Fevesvese lehumâ-şşeytânu liyubdiye lehumâ mâ vûriye ‘anhumâ min sev-âtihimâ vekâle mâ nehâkumâ rabbukumâ ‘an hâżihi-şşecerati illâ en tekûnâ melekeyni ev tekûnâ mine-lḣâlidîn(e)
Şeytan, onlara gizli kalmış olan avret yerlerini belirtip göstermek için ikisini de vesveselendirdi ve bu ağacın meyvesini yerseniz mutlaka iki melek haline gelir, yahut da ebedi ömre kavuşursunuz, onun için Rabbiniz sizi nehyetti dedi.

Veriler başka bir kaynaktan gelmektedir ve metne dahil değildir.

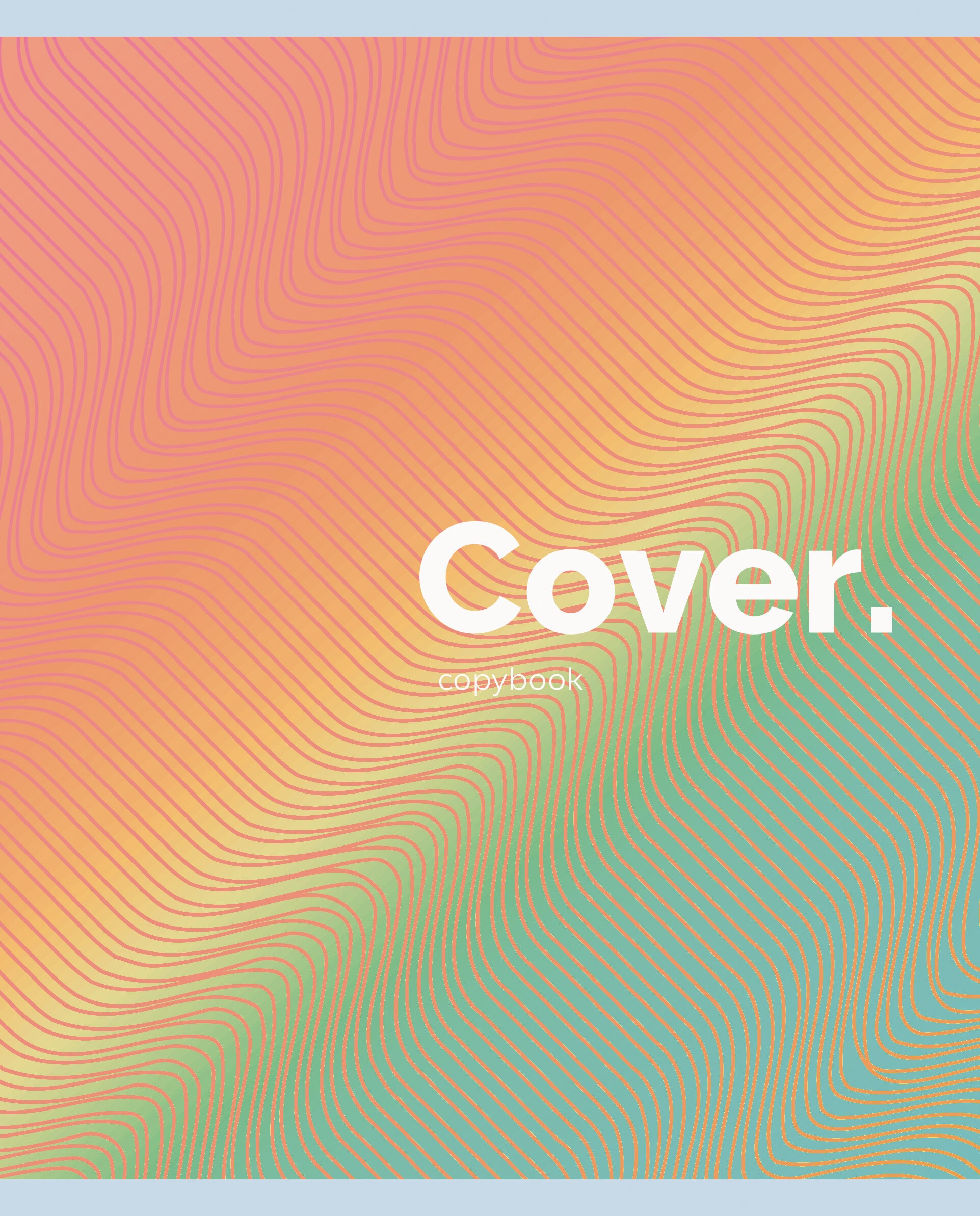 Cover – ТЛ967810 Cover – ТЛ967810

Şeytan kendilerinden örtünüp gizlenmesi (gereken) çirkin-edep yerlerini (avret mahallerini) açığa çıkarmak (böylece cinsi tahrikle şehvet tuzağına kaptırmak) için onlara vesvese verip (akıllarını çeldi) ve dedi ki: "Rabbinizin size bu (şehvet) şecerini (iştah kabartıcı ağacın meyvesini) yasaklaması, sadece, sizin iki melek (veya yetkili melik, sultan ve hükümdar) olmamanız, ya da cennette ebedi kalmamanız içindir." (Oysa cennetlerde ebedi sultan olmak çok güzeldir ve tam da size göredir!..)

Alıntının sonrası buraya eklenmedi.